Ingredients to acquire:
- 1 ‘bunch’ of asparagus per four diners. If they start drooling on hearing this is on the menu, double that or you’ll have lots of asparagus kidnapping during dinner and that is less than fortunate.
- 1 steamer pot—or 1 Dutch oven that has that cool, multi-layered metal bottom that allows you to cook any veggie with like 2 tablespoons of water.
- 1 sprig of fresh oregano or sweet basil
- ¼ tsp salt
- 1 stick salted butter.
- 4 tablespoons flour
- 1 pint half and half
- 1 pint whole milk - Keep the 2% and skim milk for your Wheaties, or whatever, please. If you try to use soy milk, the saucepan will fly up, smack you on the forehead and run away with the spoon…
- 1 pound, finely grated white cheddar cheese. You can use yellow cheddar, but the sauce will not be as creamy. Its rather important that the cheese have been near a cow at some point in its existence, so if you use Velveeta, I will find you.
Preparing the Asparagus:
- Wash the asparagus thoroughly.
- Break off the bottom end—it will naturally split at the point where the stalk becomes woody. Nothing yorks up a great cheese sauce like a mouthful of splinters…
- Place in as little water as you can get away with based on your pan/pot type.
- Heat until the water is turning to steam. Maintain enough heat to produce a very hot steam and cook until the asparagus is bright green and is just thinking about being tender. Remove from heat. It will finish tenderizing on its own.
White Cheddar Sauce
- In advance, grate up 1 pound of medium sharp, white cheddar cheese. You may have some trouble keeping the snackers out of it, but the consistent and loving application of spoon to knuckles tends to minimize the damage.
- Place a Dutch oven on the stove over low-medium heat with the butter to melt. You are after a slow approach to melted and sizzling as we would like the fat to remain in solution. If the butter burns, start over. You cannot fix it, even if you are Houdini’s last heir.

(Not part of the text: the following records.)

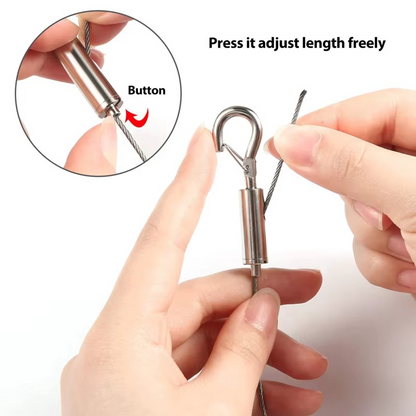 Easy Install Hanging Kit with Steel Cable and Hook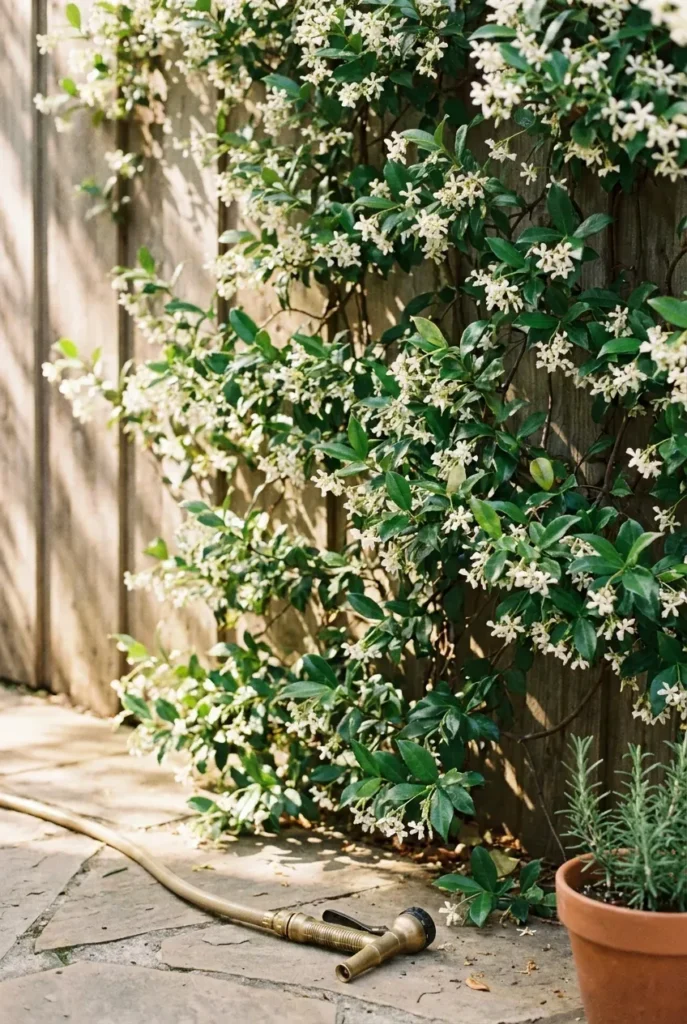 Wooden fence covered in climbing star jasmine with white blossoms for natural backyard privacy.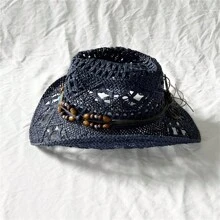 Boho 1pc Gemstone Malan Flower Hat With Handmade Hollow Out Design, 9cm Wide Brim Sunshade Cowboy Hat - Hollow - View 11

- As butter is melted and beginning to sizzle, mix in the flour 1 tablespoon at a time, ensuring it is a smooth, lump-free mix. Continue stirring on the med-low heat until it is sizzling nicely.
- Add a little half and half, mix smooth, add more, mix smooth, and so on until all the half and half is added and there are no lumps. This sauce is good even with lumps, but approaches magical if it’s silky smooth.

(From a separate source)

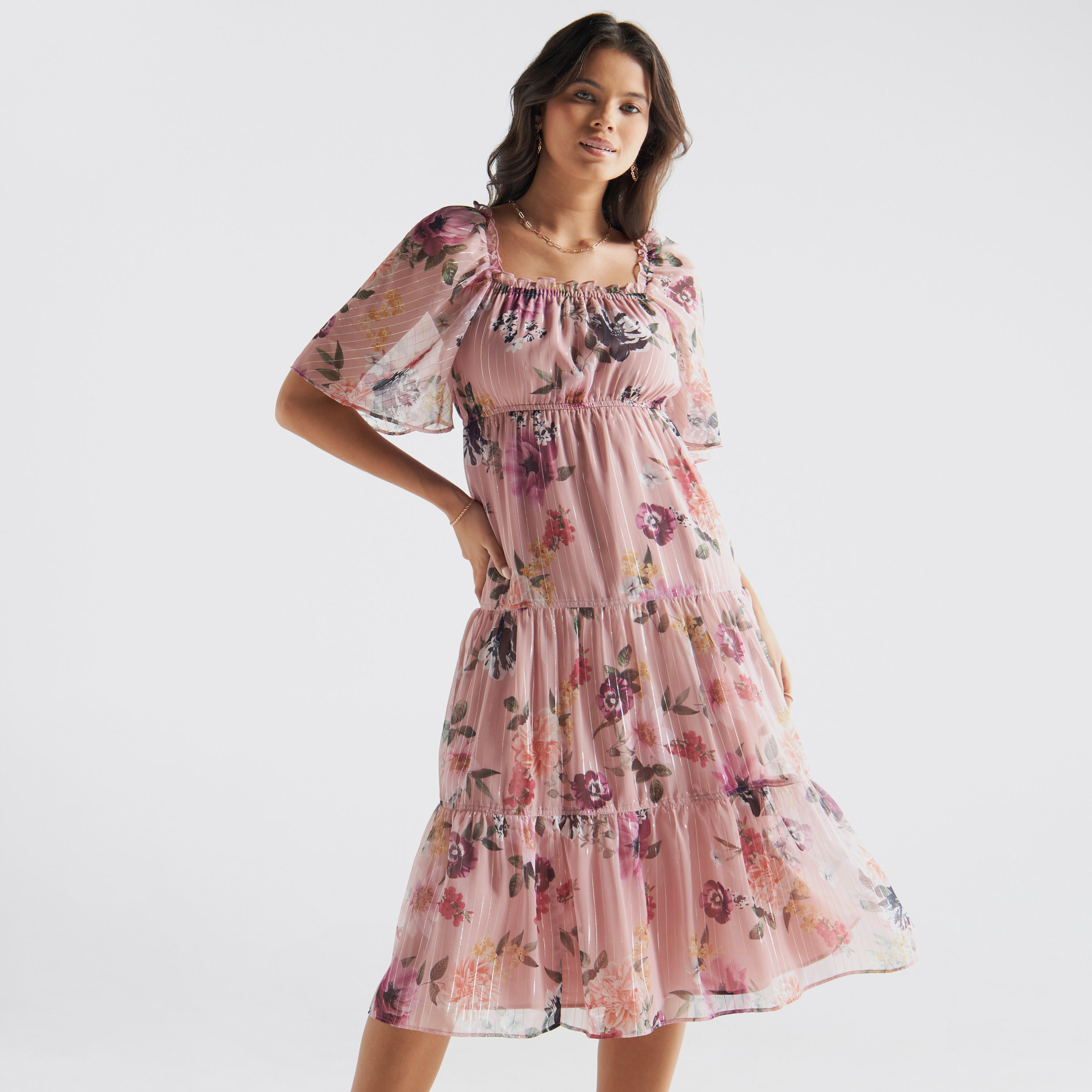 فستان متعدد الطبقات بطبعات أزهار وأكمام واسعة-women-clothing-dresses-image-1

- Add in the milk and continue stirring over med-low heat until it is steaming hot. DO. NOT. BOIL.
- As the lovely cream sauce is now hot and steamy, it is time to begin slowly stirring in the cheese, allowing it to melt without grains or lumps before adding more.
- The constant folding action keeps the silky smooth texture going, even as the whole pound of cheddar is added.
- When all the cheese is thoroughly melted, take off the heat and serve as soon as is possible.
This sauce is delightful as shown above, also heavenly over broccoli or cauliflower, and remarkable as a base for cheesy scalloped potatoes.
You can also take this sauce, pour it over four boneless chicken breasts, cook for 40 minutes at 325 degrees and deploy the lot over some buttered egg noodles.
I actually got some interesting proposals with that one once.
Believe it or not, you might have leftovers. SAVE the sauce. Unlike many cheese and/or cream sauces, this WILL reheat well. Either very low power nuke til it is warm, or for best results, the old double-boiler is your friend.
Extra hint: You can add flour to the butter and make a larger quantity. If your sauce is too thick after adding the milk, add more milk. If its way too thin, make more flour/butter paste, mix in milk til smooth, and add to the sauce.
The only non-correctable errors are overcooking the vegetables destined to be shrouded in the sauce, or—heavens forbid and forgive your souls if you do it—scorching the sauce.
If the sauce starts to scorch, pour it into a different pan immediately.
Enjoy!
Posted: December 29th, 2004 under Cookbook.